The expected answer is a verbatim transcription of the lines below, beginning with the first and ending with the line that holds "适用苹果17pro max手", without pictures.

*** TASK MATERIAL Section Begins ***

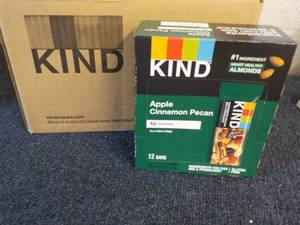 lot 379 image: Box of 12 Kind Apple Cinnamon Pecan...
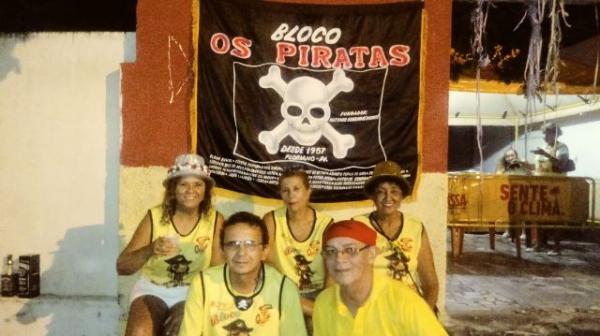 Bloco Os Piratas anima foli&otilde;es no carnaval de Floriano.(Imagem:FlorianoNews)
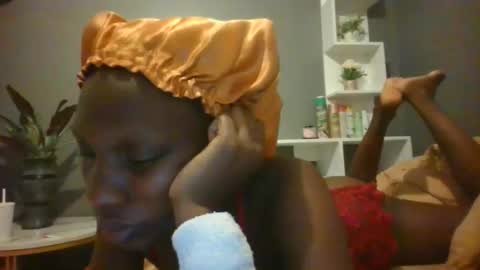 sexyquin1 online show from 02/26/25, 12:49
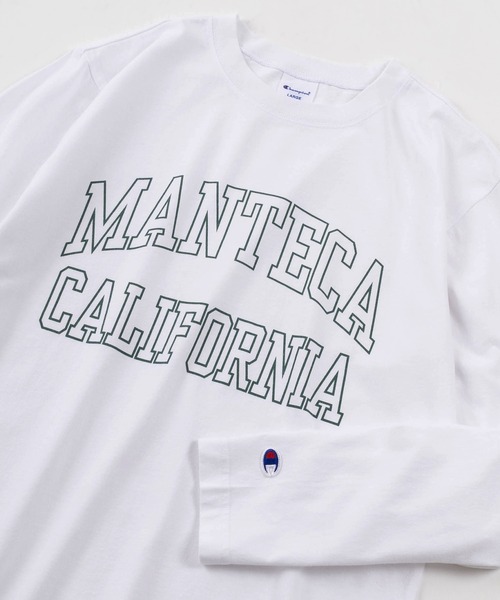 Champion(チャンピオン)の「【Champion/チャンピオン】UNION SPRINGS NY&MANTECA CALIFORNIA カレッジロゴプリント メンズベーシック ロングスリーブTシャツ/長袖Tシャツ(Tシャツ/カットソー・メンズ・グレー/ダークグリーン/オフホワイト/ホワイト/スミクロ/ネイビー・M/L/XL)」の2枚目の写真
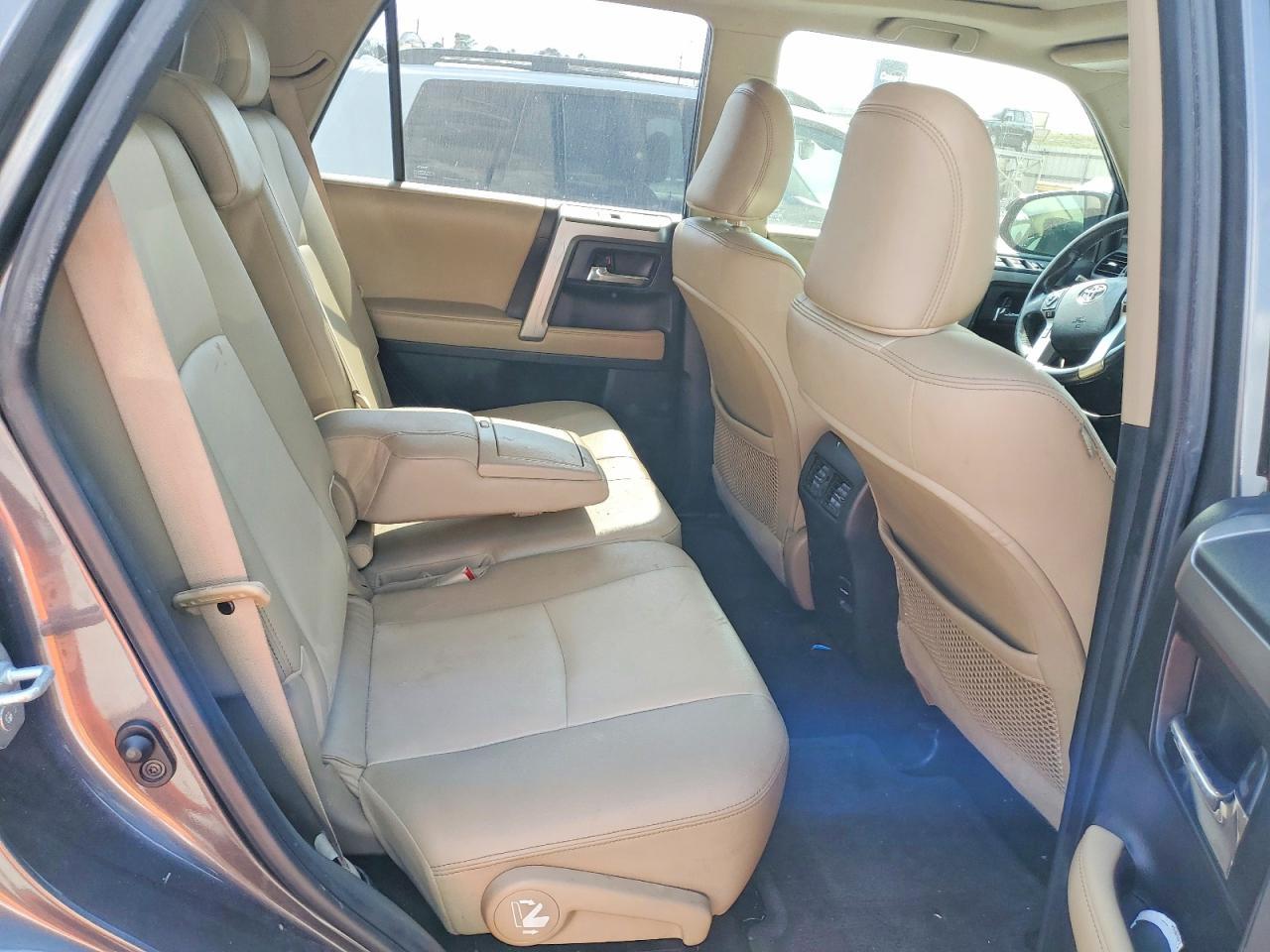2016 TOYOTA 4Runner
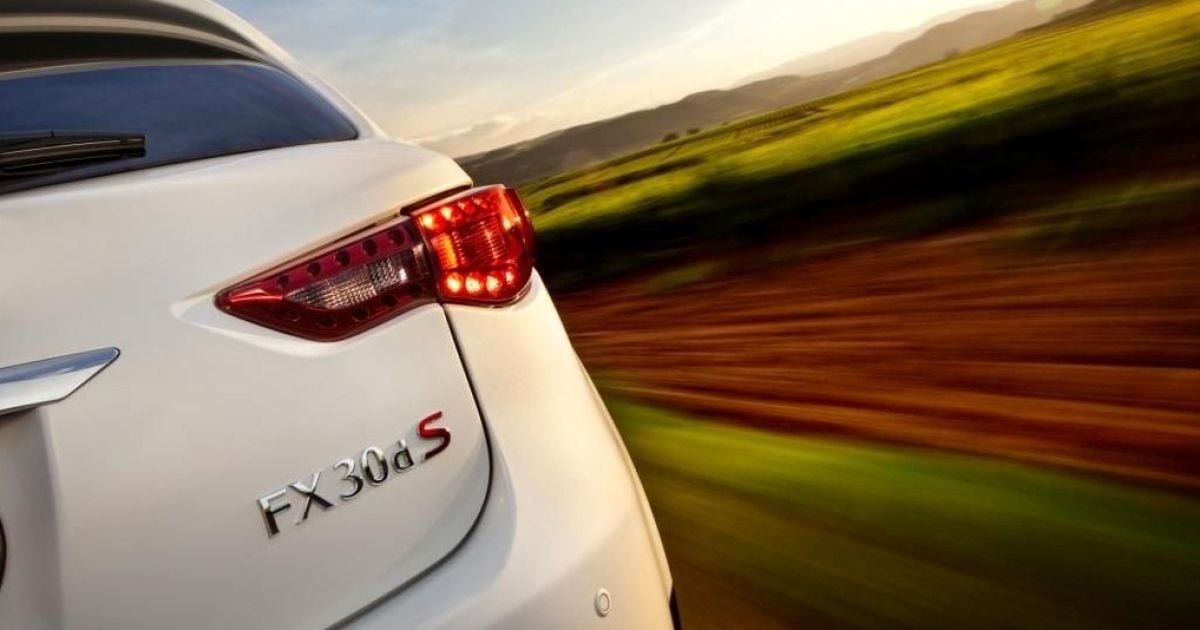 В Украину привезли дизельные Infiniti FX_2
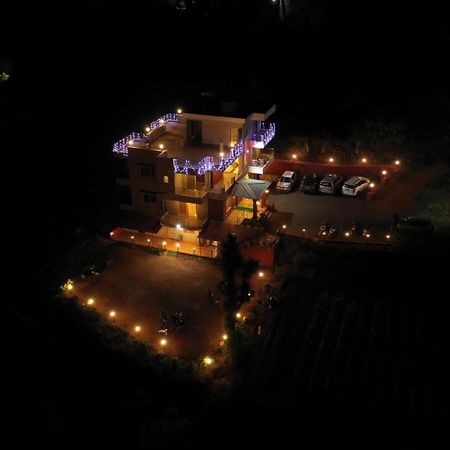 Hotel Magic Mountain,Mahabaleshwar Bagian luar foto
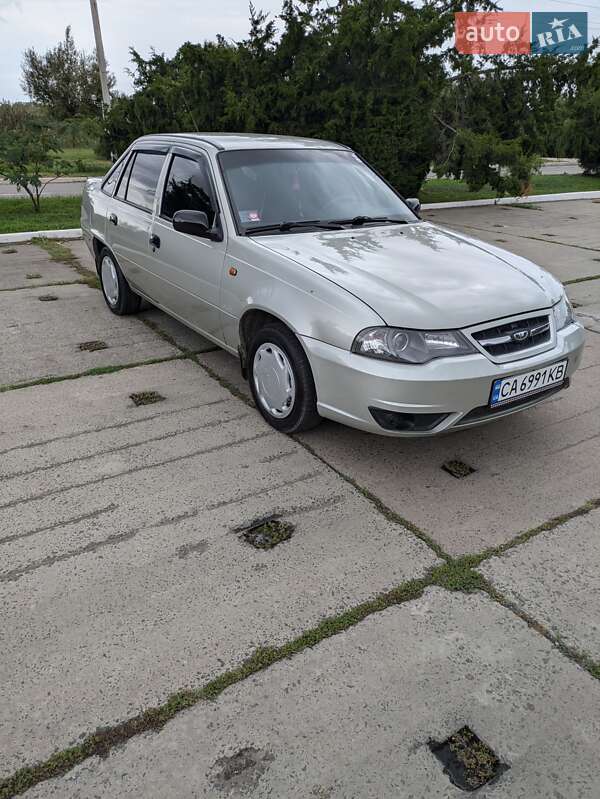 Седан Daewoo Nexia 2008 в Измаиле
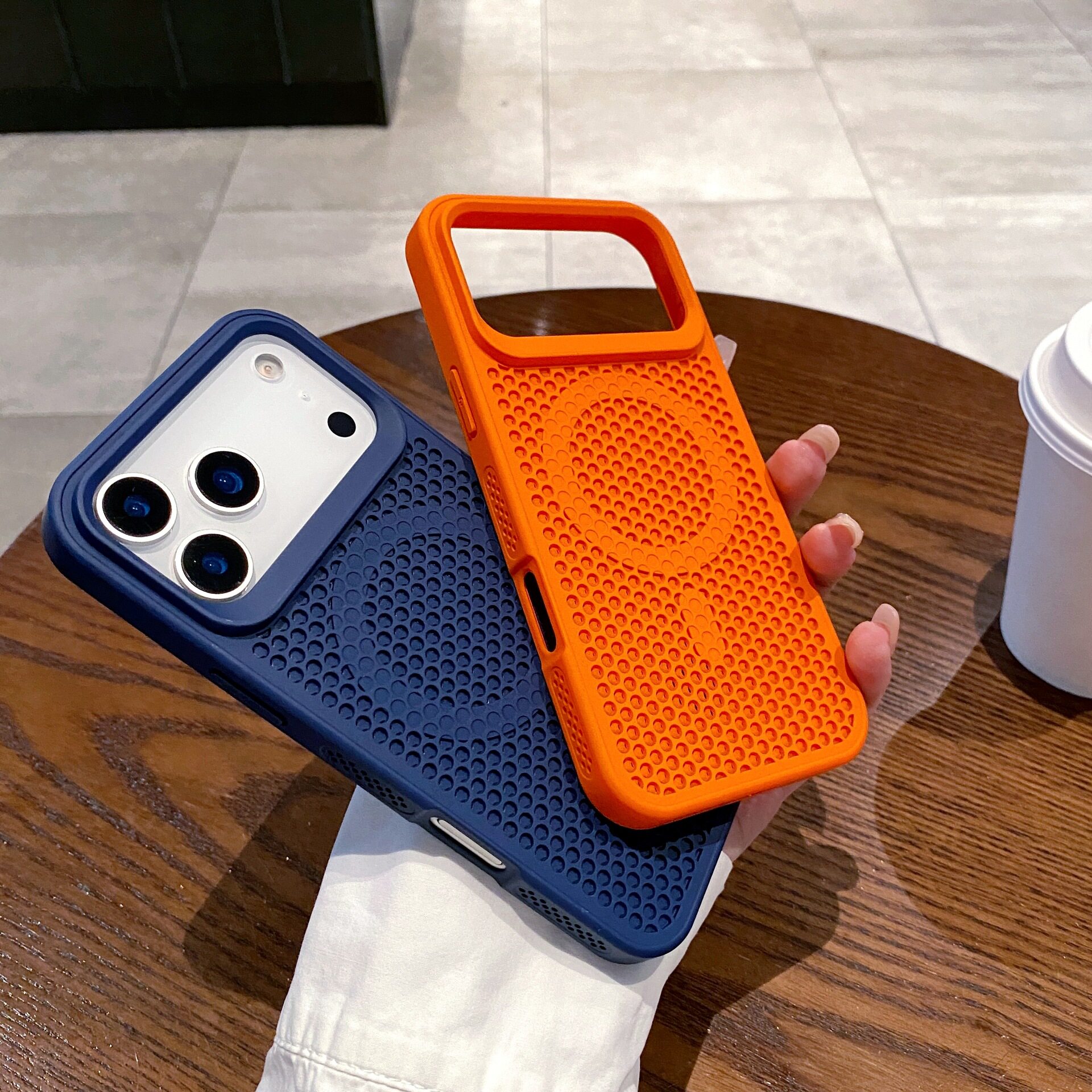 适用苹果17pro max手机壳iphone14pm摄像头不包镜头膜镂空橙色散热透气13外壳15plus防摔2026新款深蓝色16Pro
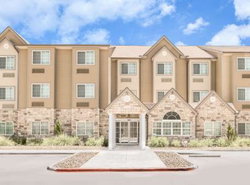 Microtel Inn & Suites by Wyndham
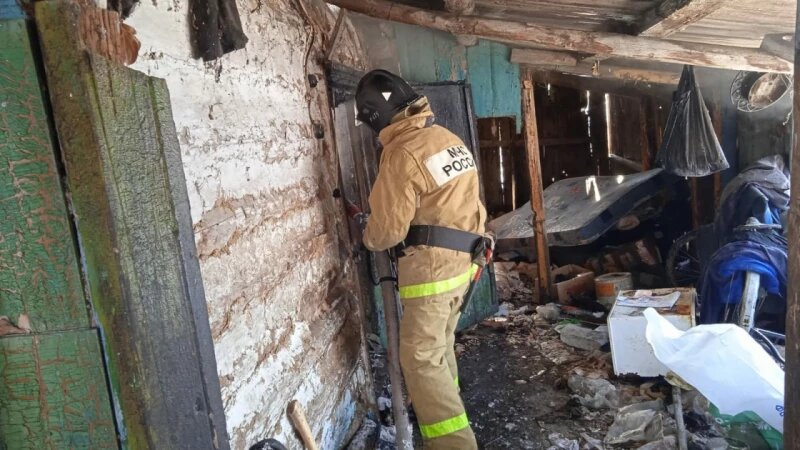     Погиб мужчина на пожаре в селе Алтайского края МЧС по Алтайскому краю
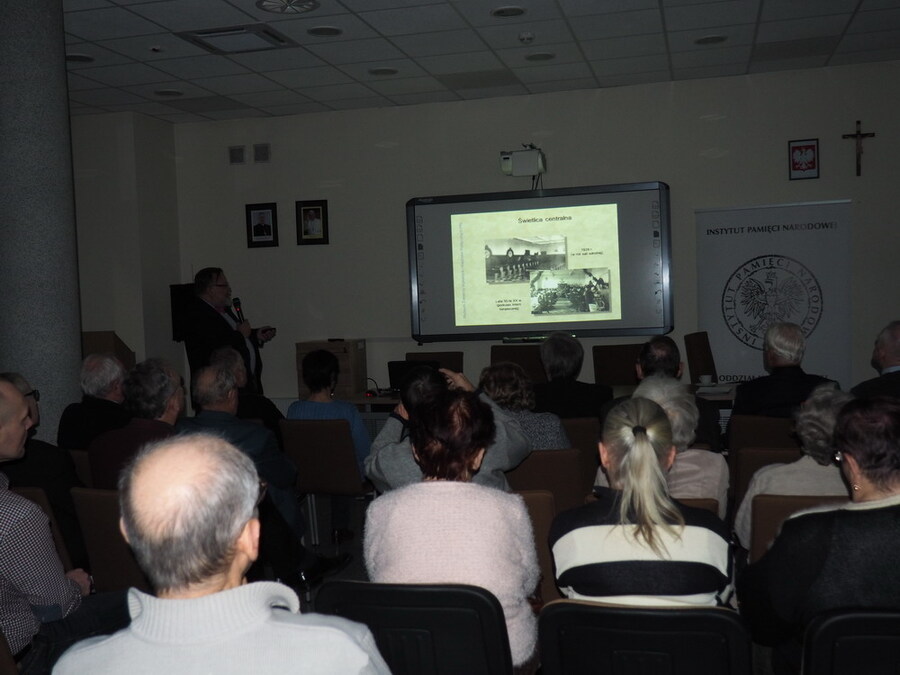 Wykład Jacka Pawłowicza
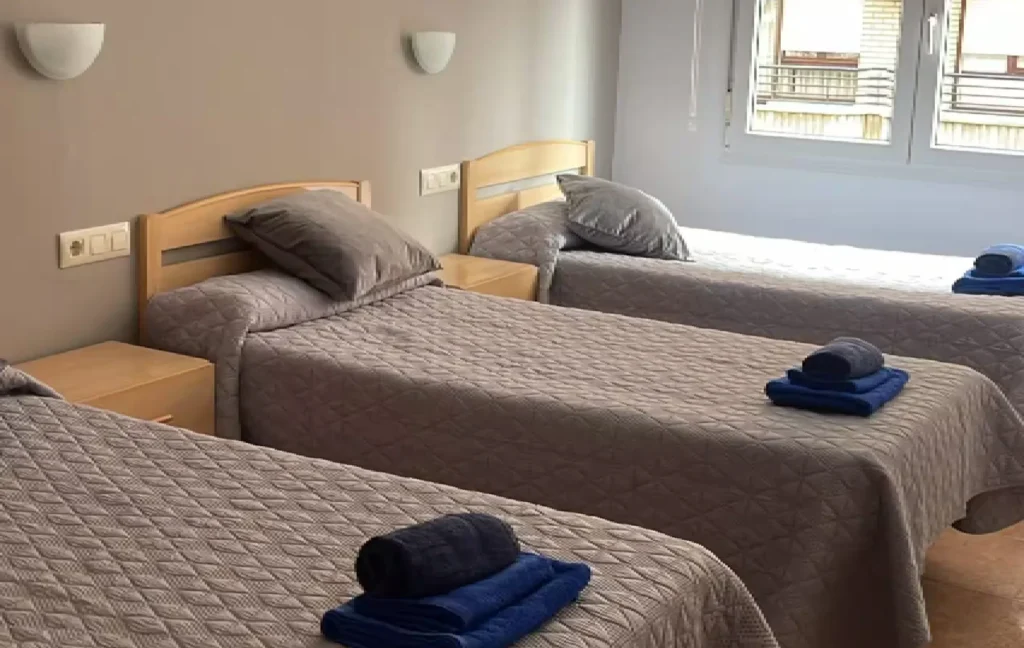 Marte. Habitación triple en Calahorra centro
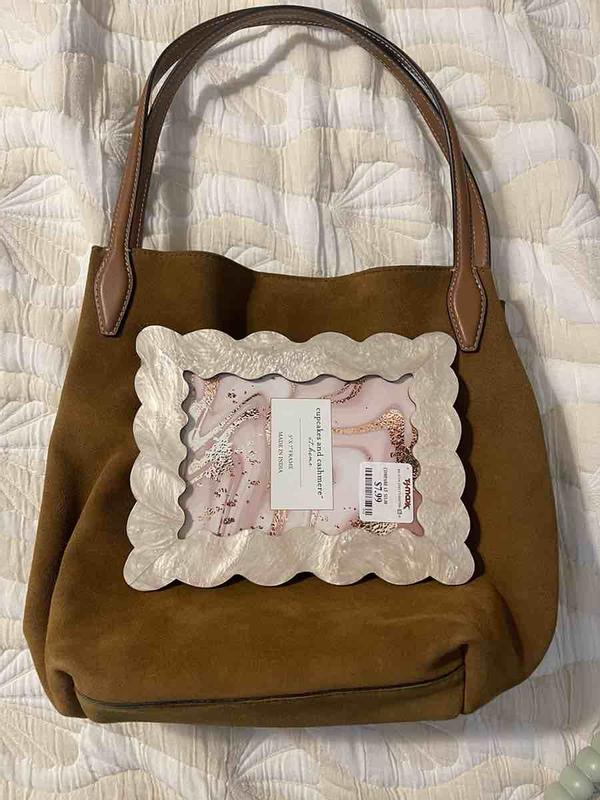 Review Thumbnail Image 1 243470354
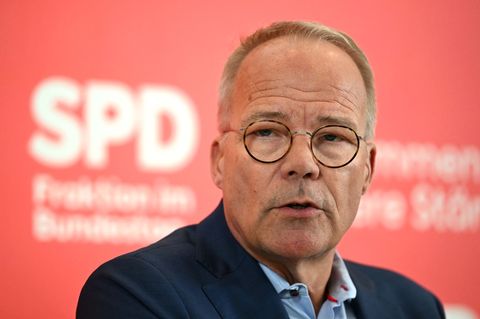 SPD-Bundestagsfraktionschef Matthias Miersch wird über die Ergebnisse einer Tagung in Rostock informieren. Foto: Elisa Schu/dpa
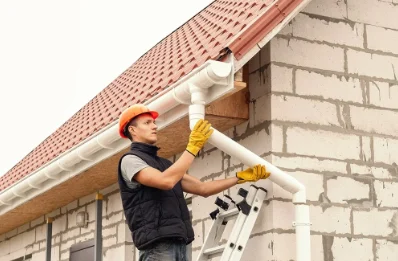 Pose et remplacement de gouttières à Clapiers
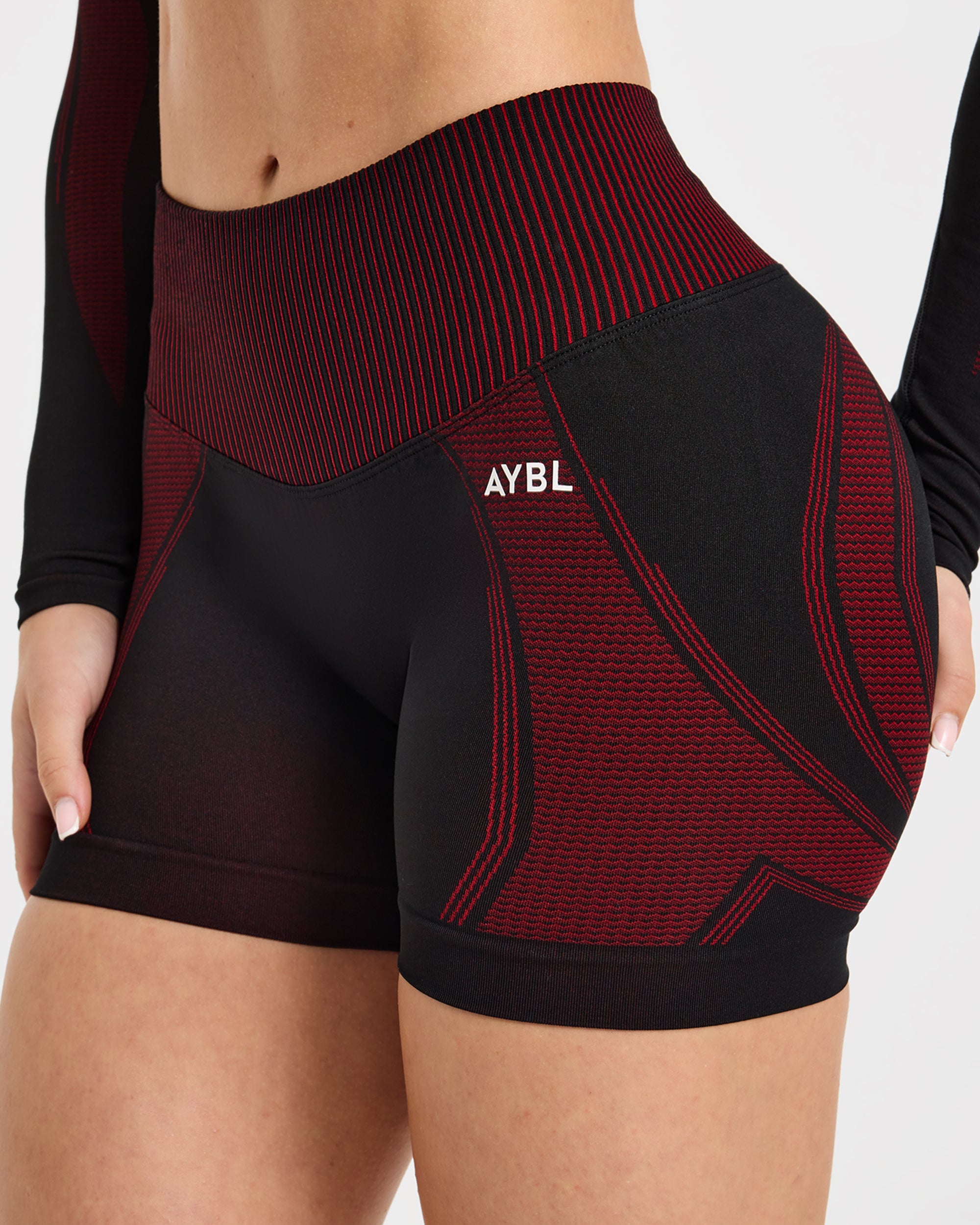 Charge Seamless Shorts - Zwart/Rood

*** TASK MATERIAL Section Ends ***

WORKED SOLUTION:
 lot 379 image: Box of 12 Kind Apple Cinnamon Pecan...
 Bloco Os Piratas anima foli&otilde;es no carnaval de Floriano.(Imagem:FlorianoNews)
 sexyquin1 online show from 02/26/25, 12:49
 Champion(チャンピオン)の「【Champion/チャンピオン】UNION SPRINGS NY&MANTECA CALIFORNIA カレッジロゴプリント メンズベーシック ロングスリーブTシャツ/長袖Tシャツ(Tシャツ/カットソー・メンズ・グレー/ダークグリーン/オフホワイト/ホワイト/スミクロ/ネイビー・M/L/XL)」の2枚目の写真
2016 TOYOTA 4Runner
 В Украину привезли дизельные Infiniti FX_2
 Hotel Magic Mountain,Mahabaleshwar Bagian luar foto
 Седан Daewoo Nexia 2008 в Измаиле
 适用苹果17pro max手机壳iphone14pm摄像头不包镜头膜镂空橙色散热透气13外壳15plus防摔2026新款深蓝色16Pro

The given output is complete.